Real Steel failed to win in eight starts for Britain’s champion trainer and changed hands to Co Limerick based Eric McNamara for just £27,000 earlier this year.
McNamara admitted he went over-budget too but there was a superb Paddy Power pay-off as the horse that had tumbled down the ratings just held 40-1 outsider Diol Ker in a dramatic photo-finish.
It was the biggest win in the riding career of Conor McNamara whose older brother Emmet famously beat the odds too on board Serpentine in the 2020 Epsom Derby.
“To win one of these handicaps is great. He was well handicapped if we could rekindle him. He spent two years doing nothing in England, whatever went wrong there,” McNamara Snr said.
“We changed his routine and we were always very kind to him. We brought him a few different places to work and we never took him off the bridle.
“We trained him like he was a real good horse and he always worked against horse he could beat, just to try and mentally get him back to where he was,” he added.
Afterwards Diol Ker’s jockey Kieran Buckley got a two day ban for his use of the whip.
Mullins failed to make the frame with any of his eight starters in the €200,000 highlight but said he hadn’t allowed himself dream of going through the card.

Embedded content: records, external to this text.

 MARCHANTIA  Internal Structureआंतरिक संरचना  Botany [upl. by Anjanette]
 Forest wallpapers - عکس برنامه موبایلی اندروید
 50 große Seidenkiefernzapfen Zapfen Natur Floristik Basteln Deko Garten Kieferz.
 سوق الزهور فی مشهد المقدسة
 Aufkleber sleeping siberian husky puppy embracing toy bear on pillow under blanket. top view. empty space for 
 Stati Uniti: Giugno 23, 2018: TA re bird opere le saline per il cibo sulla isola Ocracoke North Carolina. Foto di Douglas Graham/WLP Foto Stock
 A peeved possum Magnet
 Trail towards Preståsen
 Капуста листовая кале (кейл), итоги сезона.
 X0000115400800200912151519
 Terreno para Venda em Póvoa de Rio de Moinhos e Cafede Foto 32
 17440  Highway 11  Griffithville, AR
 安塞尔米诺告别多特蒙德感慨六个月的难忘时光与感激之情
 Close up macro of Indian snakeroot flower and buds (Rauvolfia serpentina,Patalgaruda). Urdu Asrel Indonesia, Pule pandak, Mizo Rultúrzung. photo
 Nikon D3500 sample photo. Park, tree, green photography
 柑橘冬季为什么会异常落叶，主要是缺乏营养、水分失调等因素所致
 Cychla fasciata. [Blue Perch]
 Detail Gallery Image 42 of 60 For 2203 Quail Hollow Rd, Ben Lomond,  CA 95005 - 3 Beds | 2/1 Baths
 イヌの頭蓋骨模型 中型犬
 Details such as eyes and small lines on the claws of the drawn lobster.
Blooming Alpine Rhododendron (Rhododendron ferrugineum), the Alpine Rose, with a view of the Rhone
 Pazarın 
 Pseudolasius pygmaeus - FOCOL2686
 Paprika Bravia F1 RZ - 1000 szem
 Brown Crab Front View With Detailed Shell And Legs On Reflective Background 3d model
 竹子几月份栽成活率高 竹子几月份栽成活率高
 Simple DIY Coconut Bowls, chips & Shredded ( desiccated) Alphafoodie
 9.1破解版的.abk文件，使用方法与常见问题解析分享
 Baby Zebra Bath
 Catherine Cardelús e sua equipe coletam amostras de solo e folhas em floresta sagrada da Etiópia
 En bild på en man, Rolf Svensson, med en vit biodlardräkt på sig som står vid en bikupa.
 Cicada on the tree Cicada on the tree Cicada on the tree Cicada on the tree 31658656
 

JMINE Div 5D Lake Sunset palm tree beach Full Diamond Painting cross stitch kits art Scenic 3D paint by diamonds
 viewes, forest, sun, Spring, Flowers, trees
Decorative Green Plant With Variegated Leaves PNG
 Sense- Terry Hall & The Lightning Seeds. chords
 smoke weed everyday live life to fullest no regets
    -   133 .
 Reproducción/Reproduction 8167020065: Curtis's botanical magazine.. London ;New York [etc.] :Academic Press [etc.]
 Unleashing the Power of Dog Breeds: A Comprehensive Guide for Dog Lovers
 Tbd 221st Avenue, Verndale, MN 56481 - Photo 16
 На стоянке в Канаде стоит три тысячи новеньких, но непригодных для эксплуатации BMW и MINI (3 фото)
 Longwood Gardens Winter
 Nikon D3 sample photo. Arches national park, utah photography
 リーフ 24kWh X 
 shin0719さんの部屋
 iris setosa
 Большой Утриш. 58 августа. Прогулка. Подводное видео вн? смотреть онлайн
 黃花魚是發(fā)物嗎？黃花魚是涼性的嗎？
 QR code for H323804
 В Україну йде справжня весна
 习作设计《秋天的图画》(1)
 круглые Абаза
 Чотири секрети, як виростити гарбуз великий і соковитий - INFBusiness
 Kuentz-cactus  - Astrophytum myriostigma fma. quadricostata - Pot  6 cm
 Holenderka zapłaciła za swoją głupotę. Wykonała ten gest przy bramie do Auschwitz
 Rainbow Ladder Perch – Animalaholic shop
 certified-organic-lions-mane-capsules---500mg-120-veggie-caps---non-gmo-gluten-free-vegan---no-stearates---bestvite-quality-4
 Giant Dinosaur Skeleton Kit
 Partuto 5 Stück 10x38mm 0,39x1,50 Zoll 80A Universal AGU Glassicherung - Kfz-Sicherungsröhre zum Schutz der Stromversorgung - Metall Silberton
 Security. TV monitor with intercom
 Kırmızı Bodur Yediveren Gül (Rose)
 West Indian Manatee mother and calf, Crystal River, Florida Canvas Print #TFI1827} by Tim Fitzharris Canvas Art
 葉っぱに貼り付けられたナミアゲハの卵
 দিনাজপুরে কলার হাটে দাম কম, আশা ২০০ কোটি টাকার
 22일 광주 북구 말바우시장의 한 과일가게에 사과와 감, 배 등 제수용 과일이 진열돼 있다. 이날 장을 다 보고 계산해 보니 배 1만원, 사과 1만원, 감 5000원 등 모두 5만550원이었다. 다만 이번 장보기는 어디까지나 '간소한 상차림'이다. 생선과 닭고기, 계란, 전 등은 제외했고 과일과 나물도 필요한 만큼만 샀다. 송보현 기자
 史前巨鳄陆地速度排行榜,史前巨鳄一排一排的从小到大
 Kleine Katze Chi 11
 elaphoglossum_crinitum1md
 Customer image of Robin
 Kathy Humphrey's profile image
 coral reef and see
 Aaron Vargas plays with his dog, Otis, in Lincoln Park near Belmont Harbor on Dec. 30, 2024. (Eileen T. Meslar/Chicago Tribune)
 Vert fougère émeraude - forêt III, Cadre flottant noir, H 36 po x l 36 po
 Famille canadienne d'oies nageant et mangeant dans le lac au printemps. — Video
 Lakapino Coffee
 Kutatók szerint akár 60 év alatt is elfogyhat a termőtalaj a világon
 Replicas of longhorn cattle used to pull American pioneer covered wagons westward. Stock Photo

“Not really; even though we had eight in the big race it was more in hope than expectation. We were hoping something might go right but things didn’t work out. But, anyway, they all came home safe sound,” he said.
“I’m delighted for Eric and Conor. It was a tremendous achievement. Conor rode a lot for me over the last couple of years as a claimer and I’ve known Eric since we started in racing,” he added.
Although failing to pull off an unprecedented clean sweep, Mullins still rated the six-timer “right up there” among the best days of his remarkable career.
“It’s an extraordinary day and our planning department at home deserves all the credit,” he said.
Mullins saddled a 9,802-1 six-timer at the 2018 Punchestown festival and a famous 1,518-1 five-timer on the last day of Cheltenham in March.
His great rival Gordon Elliott also came up just short when producing seven of the eight winners at a Navan fixture last year.
One further dollop of irony came from the champion trainer also having the final winner at Limerick, Largy Hill, eventually bringing his Tuesday haul to seven.
At the halfway stage, Mullins’s Christmas haul is already at 10 winners and with all three Grade 1 races run at Leopardstown so far in the bag.
Blue Lord upstaged his veteran stable companion Chacun Pour Soi in the Rewards Club Chase and was cut to as low as 6-1 for Cheltenham’s Champion Chase as a result.
Once again though it was the unbeaten novice Facile Vega who especially caught the trainer’s eye despite not be as visually impressive as normal in the Future Champions Hurdle.
A first flight blunder by his stable companion It Etait Temps left the 2-9 favourite in front and racing with the “choke” out.
He still ultimately won with authority and Mullins, when invited to mark the horse out of 10, gave him “11 and a half!”
“I think he’ll learn an awful lot today. The big crowd and all the buzz before the race itself, all that will be a help for him in the future,” said the trainer who indicated Facile Vega will be kept to two miles. He is already as low as evens favourite for the Supreme at Cheltenham.
Perhaps the most impressive Mullins winner was Winter Fog who on his first start for the trainer dropped back to two miles and turned a competitive looking handicap hurdle into a rout.
For the second day running, Leopardstown’s official attendance was up on the corresponding 2019 figure. A total of 17,045 was returned on Tuesday, marginally up on 16,727.